Разве мог я ему в такой момент ответить отказом?!
Кинрю спрятал письмо в карман сюртука, надел свою шляпу и бросился вон из комнаты.
— Любовь, — развел я руками.
Все мои опасения ненадолго отступили на второй план, вспомнилась наша поездка в Оршу, поиски брошенных Наполеоном сокровищ. В общем, настроился я на романтический лад и вовсе забыл об осторожности.
Взяв со стола «Сенатские ведомости», я прилег на диван и погрузился в чтение.
— Можно вас потеснить немножечко? — оторвал меня от этого занимательного занятия голос смотрителя.
— В чем дело? — спросил я рассеянно.
— Еще один проезжающий, — сказал Дмитрий Савельевич. — И тоже лошадей ожидают, — В дверях, возле смотрителя, стоял невысокий человек в просторном бурнусе. Лицо его было скрыто за складками капюшона.
— Ну ладно, — ответил я. Да, впрочем, что еще бы я мог ответить?!
Дмитрий Савельевич улыбнулся своей привычной улыбочкой и оставил меня наедине с незнакомцем.
— Яков Андреевич? — обратился ко мне проезжий, кутаясь в плащ, будто в комнате было холодно.
Сердце мое сжалось в груди, словно предвидя скорые неприятности.
— С кем имею честь говорить? — осведомился я с присущим моему положению достоинством.
— Вам мое имя ни о чем не скажет, — приглушенным голосом ответил мне проезжающий.

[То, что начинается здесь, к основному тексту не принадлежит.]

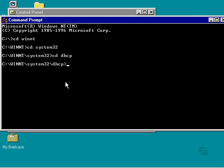Now that I'm in there, I'm going to type my jetpack command. The proper syntax is to have jetpack.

В складках капюшона я разглядел рыжеватые бакенбарды и проникся уверенностью, что Варвара Николаевна Кострова не покидала пределов Михайловского замка, а письмо от нее было подложным. И в самом деле, я никогда не видел, как она пишет, и не мог знать ее почерка. То же самое относилось и к золотому дракону. К тому же, мне пришло в голову, что в ивановском рундуке я видел нечто похожее на накладные бакенбарды, причем волосы были всех мастей. А я-то еще подумал о театральном искусстве!